同時運用の難しさ
ISMSとPマークの両方の認証を持っている企業あるいは今後両方取得しようとしている企業は、どのように運用していくことが正しいのでしょうか。当社で支援させていただいた企業様においても、多くの企業が悩まれていることでもあります。当社がコンサルティングを開始する前の状態ではほとんどの企業様がPマーク担当者、ISMS担当者が別々に立てていることが多いように思います。Pマークは総務、ISMSはシステム部の方が担当し基本的には別々に活動をおこない、一部のみ共通した運用をおこなっているという流れです。別々の担当者が別々に活動をおこなっているため、同じような内容の文書が複数存在し、記録も似たようなものではあるが別の記録が作成され担当者レベルでもどれが何のために作成している記録なのか、ということがわからなくなってきてしまっています。もちろん従業員の方もそれ以上に混乱してしまっているのではないでしょうか。別々の認証を同時に運用することは非常に難しく、どちらか片方の認証を形式的にしてしまい、残った片方のみをきちんと運用するなどの試みをおこなっている企業もあります。
ISMSとPマークの要求事項
このような同時運用の難しさの原因の1つは、求められている要求事項の違いでしょう。Pマークは比較的厳格な要求事項が定められているのに対して、ISMSは要求事項はそれほど厳密なものではなく、ISMSの枠組みの中で自社で定める基準を守るというのが基本概念です。またPマークが「個人情報」を保護するための規格であるのに対して、ISMSは「情報資産」を保護するための規格であり、Pマークが全社が適用範囲であるのに対して、ISMSは限定された範囲でも適用範囲として定められるなど、2つの認証は似ているようでいて原則が異なっている部分も多いのです。
運用工数の増大
「規格要求事項が異なる」、「それぞれの認証で情報資産、個人情報と企業が守るべきものが異なる」ことが原因となり似ているようでいて全く別々の文書が作成され、運用もそれぞれが別になることで、各事務局の運用工数と従業員の方の工数は2倍以上に膨れ上がってしまい、また何のためにおこなっているのかもわからなくなっていき、最終的には形式だけ整えて認証を維持することになるパターンが多く見受けられます。
適切な同時運用
ISMSとPマークを同時に運用していくためには、「社内体制の整備」、「文書の切り分け」、「従業員への教育」がポイントとなるでしょう。

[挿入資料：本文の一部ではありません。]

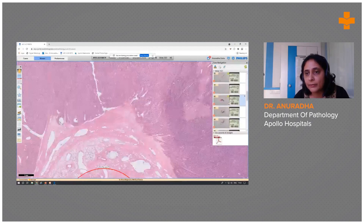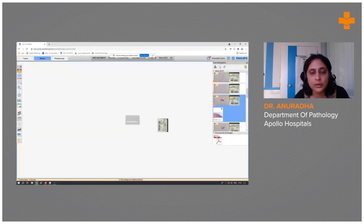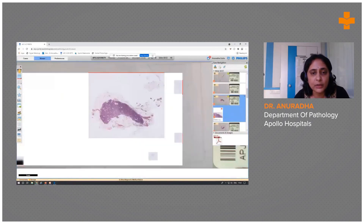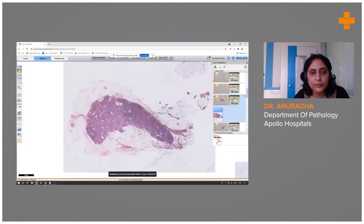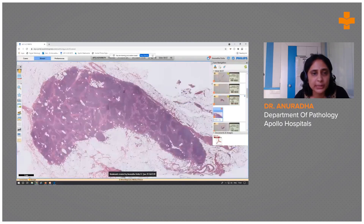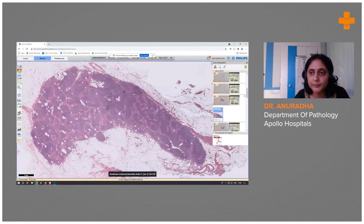We also dissected out some hilar lymph nodes. On closer view, they are free of tumor.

ISMSとPマークの担当者は別々でも構いませんが、同じチームとして情報共有や活動のフィードバックなどをおこなっていくことで無駄な作業をなくし効率を上げていくのがファーストステップとなります。その上でISMS・Pマークでそれぞれ分けなければいけない文書、共通して利用できる文書を洗い出し、少しずつ運用を見直していくことが大切です。Pマークで求められている個人情報の取り扱いに関してのルールは統合できないかもしれませんが、システム部分のルールは統合できる部分が多いでしょう。もちろんそれぞれの規格で求められている箇所を外すことはできませんので規格の確認は必要となってきます。その部分の工数が取れない場合はコンサル会社などに依頼をしてもいいでしょう。ある程度文書が整備されたところで、従業員向けに「どの文書が何のために利用されているか」、「どのような効果があるのか」を説明するとよいでしょう。従業員の方は、納得しない中で通常業務以上のことはやりたくないのが本音です。逆に実施しないことで
個人情報の取り扱いや情報セキュリティのレベルが下がってしまうということが理解できれば、事務局だけでなく社員も一体となった活動が展開できます。